Segundo os estudiosos do fenômeno, as táticas dos extremistas para conseguir seguidores incluem a promoção de sua repulsa não só aos ciganos, mas aos imigrantes em geral, bem como a temas polêmicos para certos grupos sociais, como o casamento entre pessoas do mesmo sexo.
Para algumas organizações internacionais contra o racismo, a situação só melhorará se os dirigentes políticos tomarem a iniciativa de combater o fenômeno, e se forem aprovadas normas legais para dissuadi-lo. Georgina Siklossy, porta-voz da Rede Europeia contra o Racismo, com sede em Bruxelas, afirmou à IPS: “Os políticos têm a principal e mais importante responsabilidade: não se utilizar de discursos de ódio, que podem incitar ataques racistas e contribuir para um sentimento contra setores minoritários”.
Os programas de prevenção nas escolas são essenciais para mudar a situação, completa Mares, o autor do informe oficial. Mas a comunidade cigana está pessimista. Nos últimos anos, ela foi vítima de uma série de ataques incendiários. Um deles, em 2009, deixou uma criança de dois anos incapacitada para sempre. Nos últimos seis meses, 23 atentados racistas deixaram três pessoas mortas.

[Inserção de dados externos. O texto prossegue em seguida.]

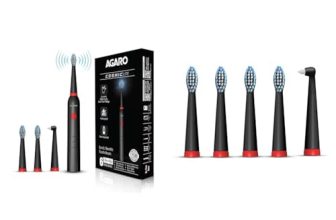 AGARO COSMIC Lite Sonic Electric Toothbrush for Adults – Black & AGARO Cosmic Lite Refill Pack 4+1 pcs, Black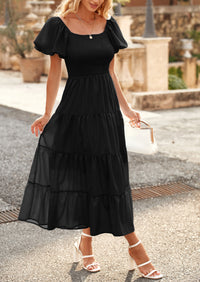 Casual Short Sleeved Square Neck Layered Pleated Dress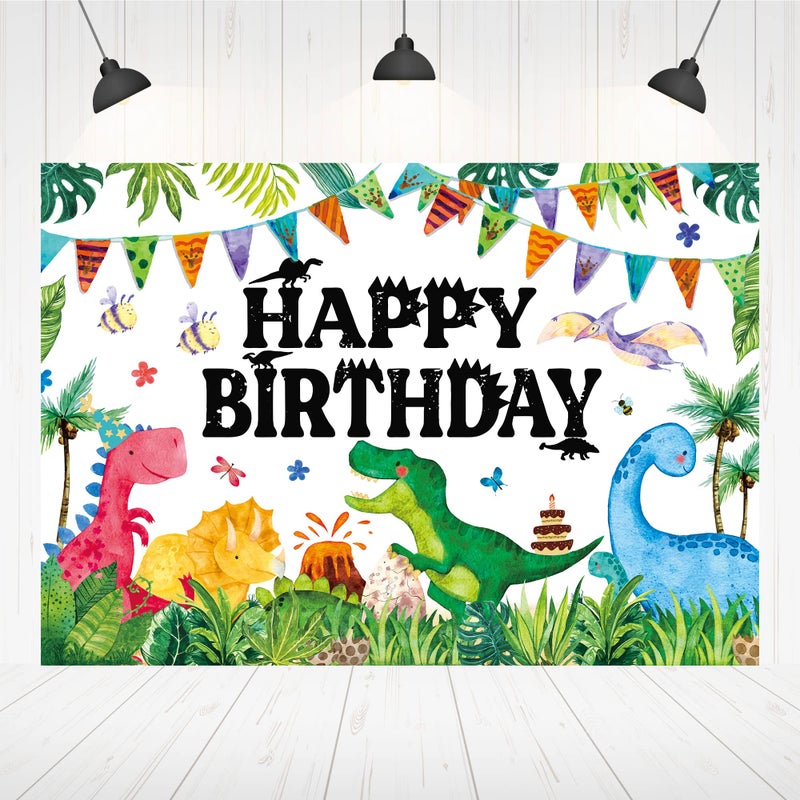 QIEXI Dinosaur Birthday Banner for Kids Watercolor Dinosaurs Backdrop Cartoon Dinosaur Birthday Party Decoration Supplies Photography Background 5x3ft - Image 3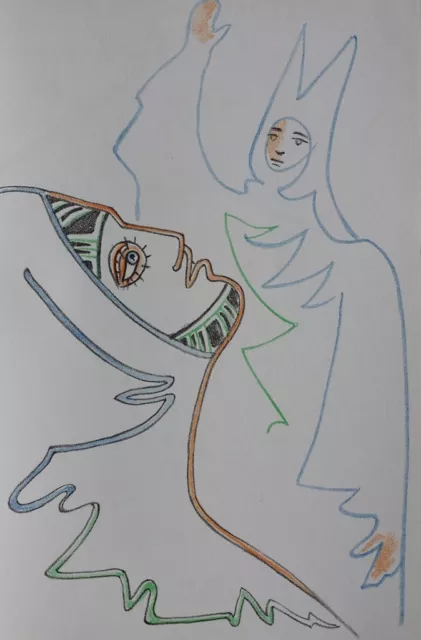 Jean  COCTEAU : Le masque, LITHOGRAPHIE Originale, 1957, MOURLOT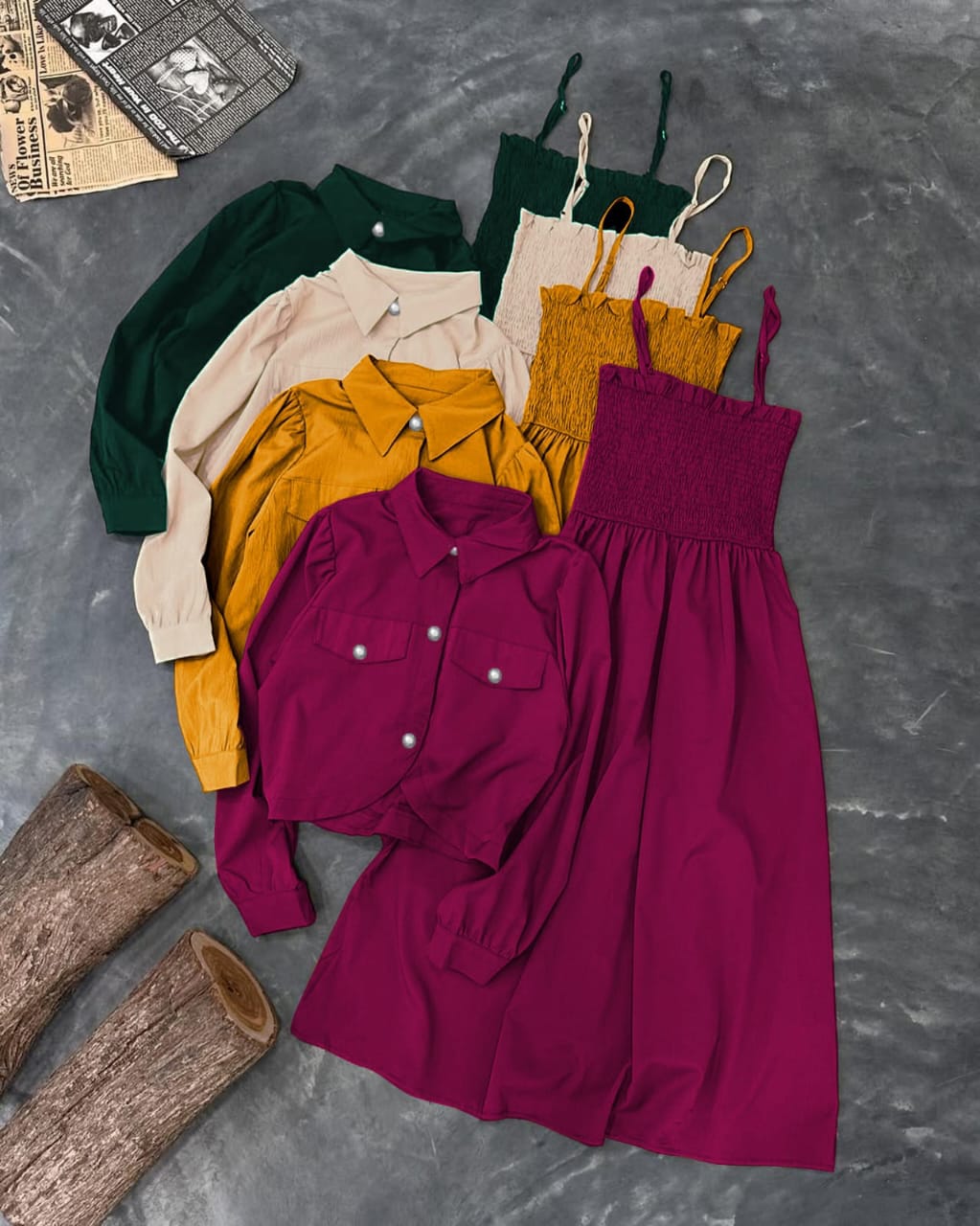 Kaaj Button Two Piece Coati & Gazzer Romper Frock Set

Emil Vorac, diretor de uma organização não-governamental cigana, trabalha na cidade da As, onde houve, no início de março, um ataque a bomba contra um hotel em que vivam membros desta comunidade. Ele pensa que tais atos eram previsíveis. “Não me surpreenderam, porque parece que o racismo e a xenofobia aumentam, e a situação piora. Esta é minha experiência, após trabalhar em diversas comissões na região. Seus próprios membros atuam como xenófobos, em muitos casos”.